Karasal karbon döngüsünün önemli bileşenlerinden olan toprak solunumu, atmosfere karbon (CO2) transferinin ana işlemleridir. Toprak karasal karbonun depolarından olduğu gibi ana emisyon kaynaklarını da oluşturmaktadır. Farklı nem içeriğine sahip normal toprakta (Ns) CO2-C (mg CO2-C kg-1) çıkışı en düşük %35 nem (116.10 mg CO2-C kg-1) en yüksek ise %55 nem (191.54 mg CO2-C kg-1) içeriğinde ölçülmüştür. Biyoçar + nem uygulanan toprak örneklerinde CO2-C çıkışı en az BC+%35 (103.16 mg CO2-C kg-1), en fazla BC+%55 (171.15 mg CO2-C kg-1) uygulamalarında ölçülmüştür. Farklı nem içeriğine sahip toprak örneklerinde yapılan MBC hesaplamalarında en fazla MBC içeriği %55 nem, en düşük ise %35 nem içeriğinde tespit edilmiştir.

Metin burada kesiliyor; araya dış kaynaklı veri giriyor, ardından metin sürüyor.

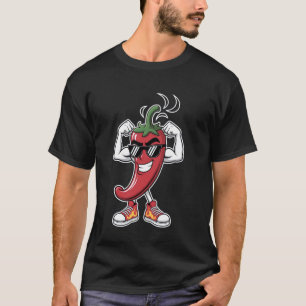 Starker Chili-Pfeffer, der Muskeln mit cooler Sonn T-Shirt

Biyoçar + farklı nem uygulamaları toprakların NH4 içeriğini arttırdığı ve en yüksek NH4 konsantrasyonun ise %45 nemde ölçülmüştür. Biyoçar uygulaması + farklı nem içerikleri NO3 konsantrasyonlarında kısmen artış görülmüştür. NO3 konsantrasyonu en fazla %55, en düşük %45 nem düzeylerinde belirlenmiştir.

Keywords

biyoçar, farklı nem içeriği, CO2, NO3, NH4

References

• Angert, A., Yakir, D., Rodeghiero, M., Preisler, Y., Davidson, E.A., T. Weiner. (2015). Using O2 to study the relationships between soil CO2 efflux and soil respiration. Biogeosciences, 12, 2089–2099.
• Atarashi-Andoh, M., Koarashi, J., Ishizuka, S., Hirai, K., 2012. Seasonal patterns and control factors of CO2 effluxes from surface litter, soil organic carbon, and root-derived carbon estimated using radiocarbon signatures. Agric. For. Meterol., 152, 149–158.
• Anderson JPE (1982) Soil respiration. In: Page AL (ed) Methods of Soil Analysis, Part 2, 2nd edn. Am Soc Agron, Madison, pp 831–871.
• Artiola, J.F., Rasmussen, C., Freitas, F., 2012. Effects of a Biochar-Amended Alkaline Soil on the Growth of Romaine Lettuce and Bermudagrass. Soil Science, 177 (9):561-570.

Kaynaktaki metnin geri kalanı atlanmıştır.